Un costante stato di disagio, infatti, tormenta Alex in ogni sua giornata di fuga e, di conseguenza, chiunque entri in contatto con lei. Sotto il rigoroso comando di Cline, Alex è ospite gradita e sgradita, forza destabilizzante per chi la accoglie e per chi ne legge.

“Ed è questo che rende L’ospite così accattivante. Cline avrebbe potuto scrivere un libro su una ragazza attraente e triste, ma l’ha messa in un’auto diretta verso un brutto incidente e noi non possiamo distogliere lo sguardo”, ha scritto in proposito la rivista Time.

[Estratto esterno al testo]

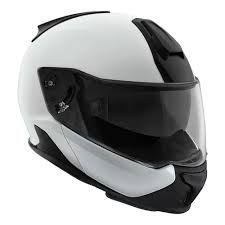 VISERA PARA CASCO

L’autrice ha raccontato a la Repubblica: “Non miro a mettere volontariamente a disagio il lettore, ma non mi sorprende che accada. Scrivendo avevo in mente la sgradevolezza seducente e manipolatoria del protagonista de Il talento di Mr. Ripley abilmente tracciato da Patricia Highsmith. Un personaggio che piace e repelle allo stesso tempo. D’altronde non aspiro a dare messaggi morali. Anzi, rifiuto l’idea che le storie contengano un qualunque messaggio”.

A me, l’inquietudine de L’ospite ha ricordato quella de Il Grande Gatsby – sarà per Long Island, sarà per i salotti inamidati, sarà per una corsa verso la ricchezza che non prevede dignità. Come per la storia di Francis Scott Fitzgerald, ho avuto la sensazione che, qui, avrebbe vinto il dolore, avrebbero vinto le paure.

L’ospite arriva a sette anni da Le ragazze, romanzo di enorme successo che nel 2016 consacrò, a ragione, Emma Cline tra le giovani scrittrici più talentuose d’America. La protagonista di Le ragazze è Evie, quattordicenne californiana che entra a far parte della Mason Family, la comunità di hippy assassini responsabili dell’omicidio di Sharon Tate. L’ospite, che apparentemente si muove lungo binari diversi, mantiene del precedente romanzo lo stretto legame tra amore, morte e sesso e non si limita nell’utilizzo di parole dure e crudeli.

“Nelle mani di Emma Cline ogni frase diventa affilata come un bisturi”, ha scritto The New York Times. E non avrebbe potuto dirlo meglio. Che spettacolo leggere pagine tanto precise.